- Artist: Roy Lichtenstein
- Year: 1965
- Movement: Pop art
- Dimensions: 61 cm × 76 cm (24 in × 30 in)

= The Melody Haunts My Reverie =

Screen print by Roy Lichtenstein

The Melody Haunts My Reverie is a 1965 screen print by Roy Lichtenstein, referencing Mitchell Parish's 1929 lyrics for the 1927 song "Stardust" by Hoagy Carmichael, and possibly rooted in the artist's love of jazz. The print was issued under the title Reverie.

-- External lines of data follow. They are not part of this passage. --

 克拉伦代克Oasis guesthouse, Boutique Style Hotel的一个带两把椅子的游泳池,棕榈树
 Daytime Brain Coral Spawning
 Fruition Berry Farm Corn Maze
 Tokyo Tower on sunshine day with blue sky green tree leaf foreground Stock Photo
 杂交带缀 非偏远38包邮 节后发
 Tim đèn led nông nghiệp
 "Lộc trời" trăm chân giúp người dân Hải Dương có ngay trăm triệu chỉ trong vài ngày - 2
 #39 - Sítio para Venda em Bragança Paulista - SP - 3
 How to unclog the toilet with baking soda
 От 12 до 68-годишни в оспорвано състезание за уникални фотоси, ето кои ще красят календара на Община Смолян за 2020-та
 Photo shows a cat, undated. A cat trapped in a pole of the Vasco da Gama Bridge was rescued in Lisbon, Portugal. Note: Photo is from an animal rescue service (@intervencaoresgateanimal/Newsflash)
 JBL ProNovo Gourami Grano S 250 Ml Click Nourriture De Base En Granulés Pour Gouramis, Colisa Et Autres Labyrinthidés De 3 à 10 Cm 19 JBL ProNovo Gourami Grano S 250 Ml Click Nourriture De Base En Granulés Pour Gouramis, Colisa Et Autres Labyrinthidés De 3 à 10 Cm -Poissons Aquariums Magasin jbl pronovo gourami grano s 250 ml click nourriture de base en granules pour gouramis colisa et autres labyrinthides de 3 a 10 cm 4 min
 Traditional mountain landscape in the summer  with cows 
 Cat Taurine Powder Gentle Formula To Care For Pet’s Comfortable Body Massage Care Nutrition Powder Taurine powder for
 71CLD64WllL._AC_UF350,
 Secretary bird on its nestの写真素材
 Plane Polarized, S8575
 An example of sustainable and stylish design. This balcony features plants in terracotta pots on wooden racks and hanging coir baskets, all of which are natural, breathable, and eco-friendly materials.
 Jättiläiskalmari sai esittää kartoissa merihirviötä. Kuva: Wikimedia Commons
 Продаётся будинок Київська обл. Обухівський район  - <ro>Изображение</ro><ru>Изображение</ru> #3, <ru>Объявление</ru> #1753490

The work was created as part of the portfolio, 11 Pop Artists, published by Original Editions in New York City, and printed at Knickerbocker Machine & Foundry Inc., also in New York. The complete portfolio consists of 33 prints by 11 artists and was issued in an edition of 200. Other works by Lichtenstein in the portfolio are Sweet Dreams, Baby!, 1965 and Moonscape, 1965. An impression of The Melody Haunts My Reverie sold at Sotheby's in 2016 for $137,500.

The woman in the image, holding a microphone, was likened to modern character of Betty Draper from Mad Men. The print was described as being among those that "don't lower art to the level of the comic strip but raise the comic strip to the level of high art".